The southernmost part of the Southern Ocean, the Ross Sea fills the large dent in the continent, just south of New Zealand. Home to the vast ice cliffs of the Ross Ice Shelf, this area is one of the most unforgiving and isolating parts of Antarctica. Due to the colder, more extreme conditions, fewer species are actually found here, but reaching the Ross Sea has one distinct appeal – it offers the chance to sail as close as you can get on a boat to the South Pole.
The sea is named after the British admiral James Ross who discovered the area in 1841. Most Antarctic cruises leaving from Punta Arenas or Ushuaia will only go as the Polar Circle and the sub Antarctic Macquarie Island. From here it takes another 4 days to reach the Ross Sea or a cruise from New Zealand will arrive in 6 days.

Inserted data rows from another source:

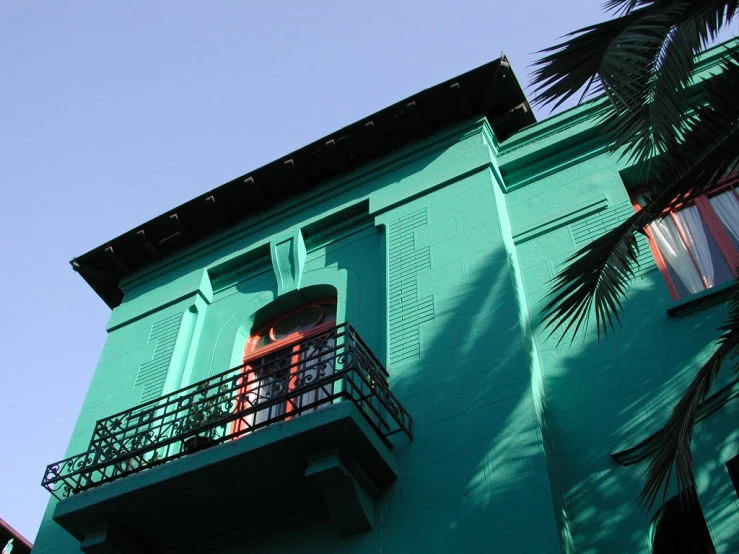 a person standing at a balcony near a palm tree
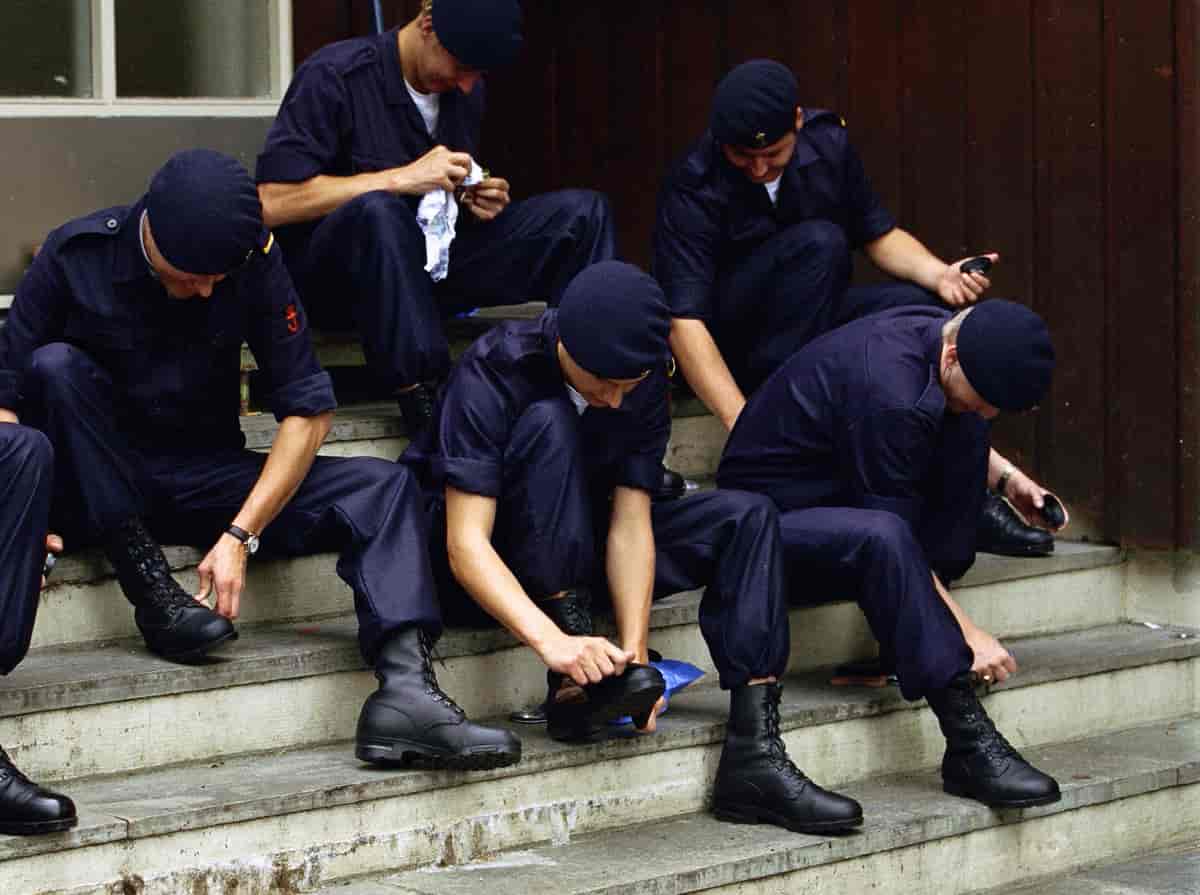 Soldater i mørkeblå uniformer og bereter pusser militærstøvlene sine på en steintrapp.
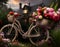 A close up of a bicycle covered in flowers with a building in the background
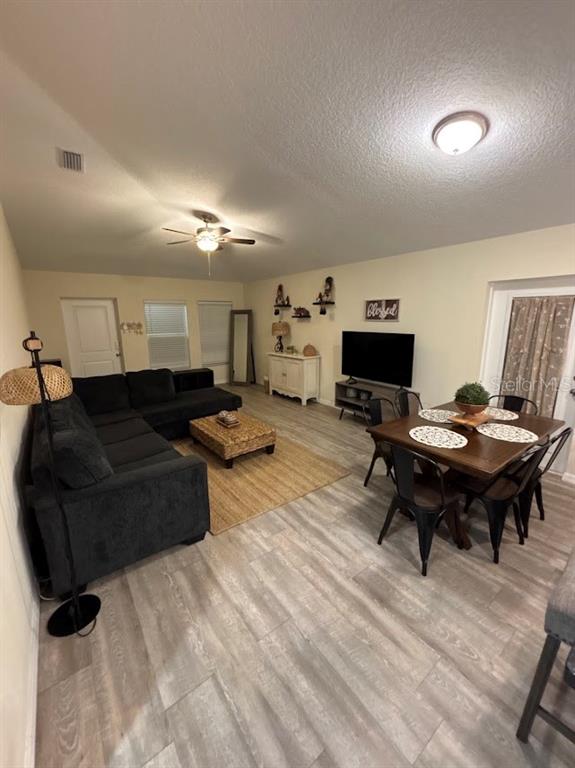 A living and dining area features a dark sectional sofa, wood-look flooring, and a television — 4303 N 30TH STREET, TAMPA, FL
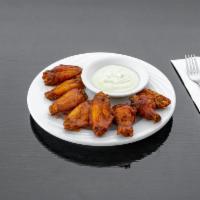 Chicken Wings · Served with french fries or yellow rice.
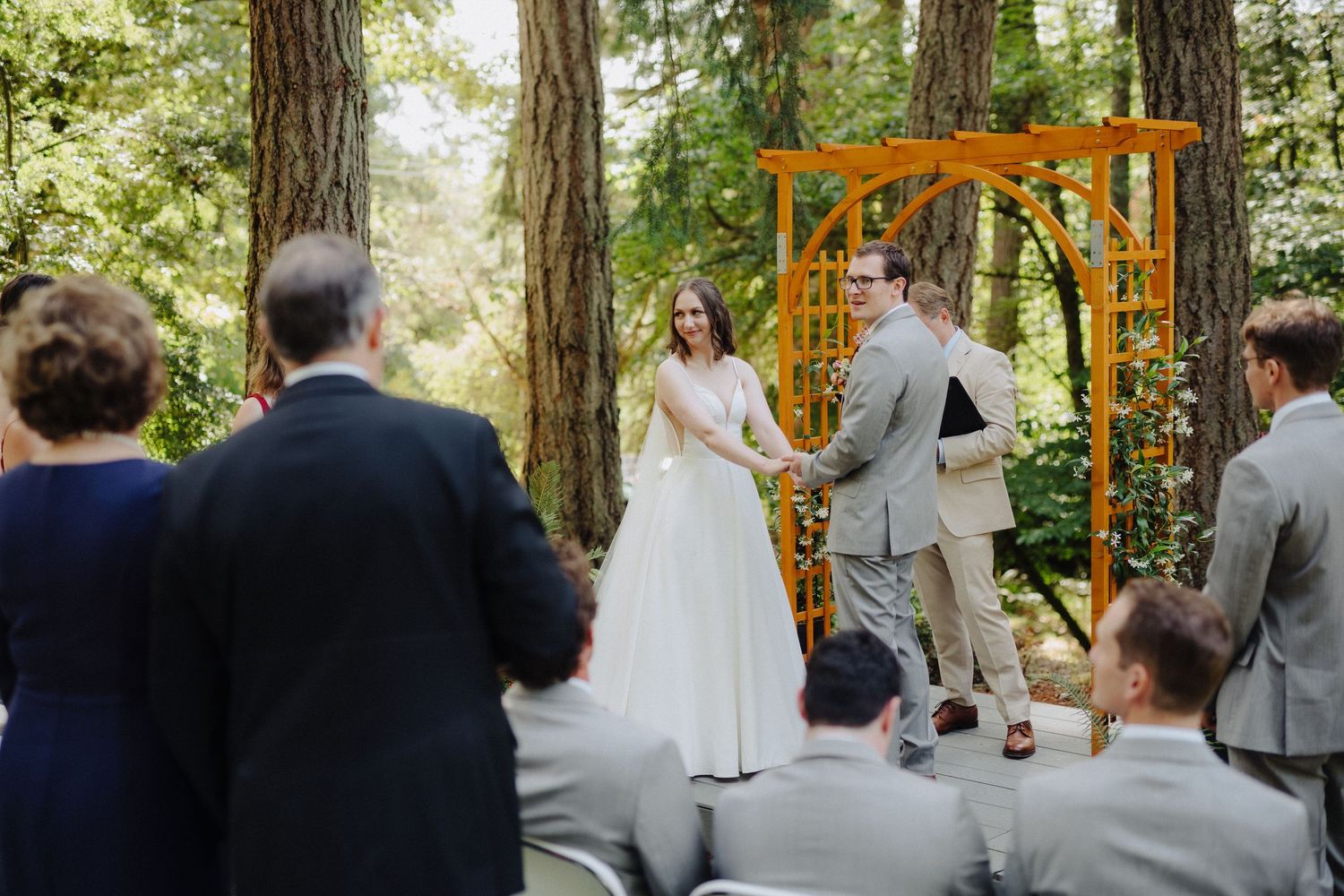 Wedding ceremony taking place in a serene forest setting with an orange arch and guests seated on wooden benches.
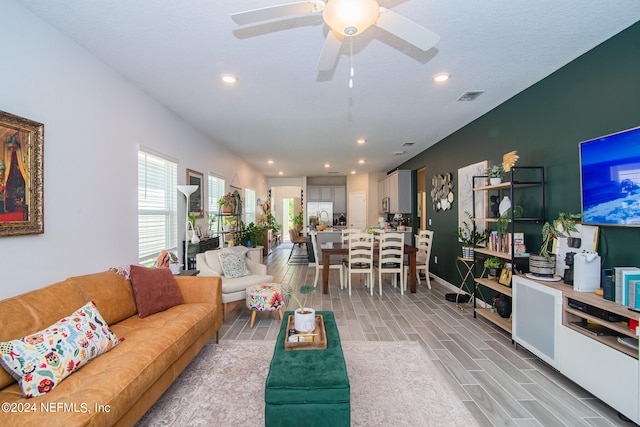 living room featuring ceiling fan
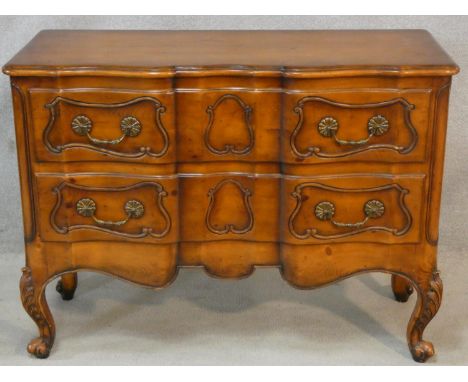 A French provincial chestnut two drawer commode on carved cabriole supports. H.87 W.117 D.48cm 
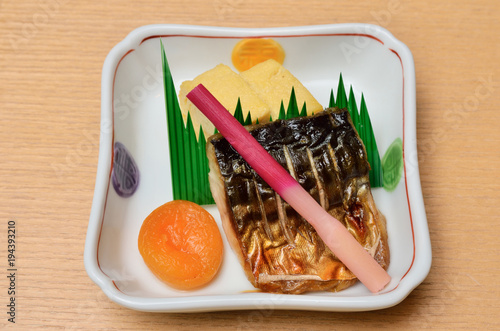 japanese cuisine: Grilled fish with ginger and leaf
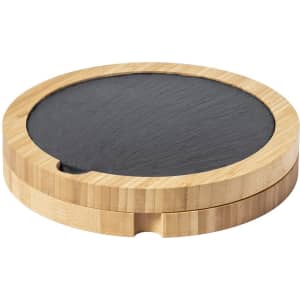 A cheese board set featuring a circular bamboo base and a black slate surface. It includes a branding logo.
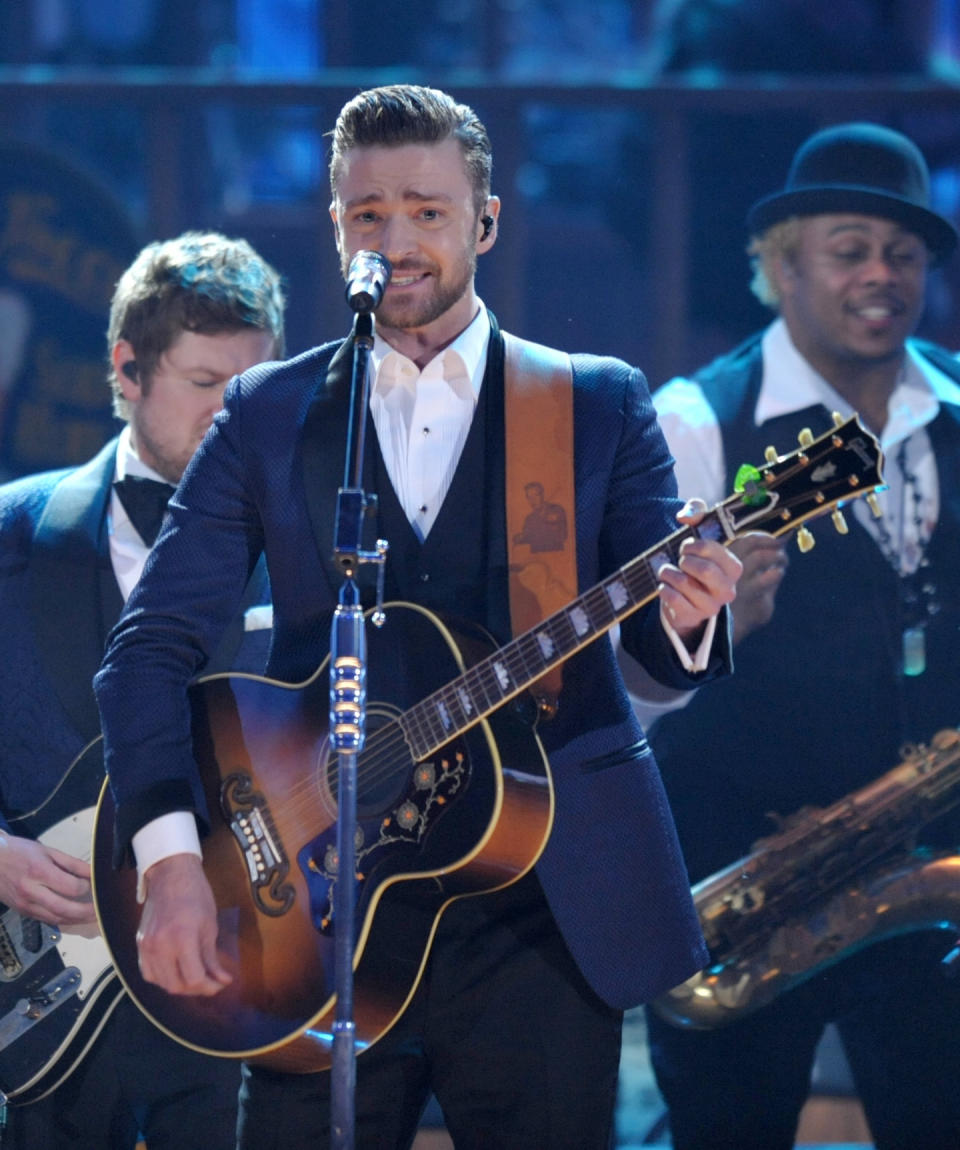 FILE - In this Nov. 24, 2013 file photo, Justin Timberlake performs on stage at the American Music Awards at the Nokia Theatre L.A. Live in Los Angeles. Timberlake has seven nominations at Sunday, Jan. 26, 2014 Grammy Awards, including best pop vocal album for “The 20/20 Experience” and solo pop performance for “Mirrors.” (Photo by John Shearer/Invision/AP, File)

Although there is less biodiversity in the Ross Sea, the Adelie penguin rookery at Cape Adare is the largest in the world, with over 100 000 breeding pairs. King penguin colonies can also be found here, although not in such large quantities.
This is also one of the best areas to visit for those interested in the history of expeditionism in Antarctica. Home to the largest modern scientific station in Antarctica, the US –owned McCurdo station, the land around the Ross Sea has always been a base of human activity in Antarctica.
Cape Adare is home to the oldest building in Antarctica, built by members of the Norwegian Southern Cross Expedition in 1899. This expedition accomplished a number of ‘firsts’ in Antarctica, being the first team to spend a winter ashore in Antarctica, the first to use sled dogs and the first man to be buried on Antarctica. The hut has withstood the unforgiving Antarctic weather remarkably well and still bears the marks of the team who stayed there, including poems, mathematical calculations and drawings graffitied on the hut’s walls.
The thin strip of land known as Cape Evans, is famous for having been the starting point for Robert Scott and his fatal trip to the South Pole. The building they erected here is still standing today and is preserved as a museum, offering the chance to get a glimpse of what it was like to live there in the early 1900s.
Finally, the hut from Ernest Shackleton’s first Antarctic expedition in which he and three others aimed to reach the geographic South Pole, remains at Cape Royds, at the westernmost point of Ross Island. The hut later saved the lives of the men who became marooned at Cape Evans during the 1914-17 Trans-Antarctic Expedition and can still be visited today.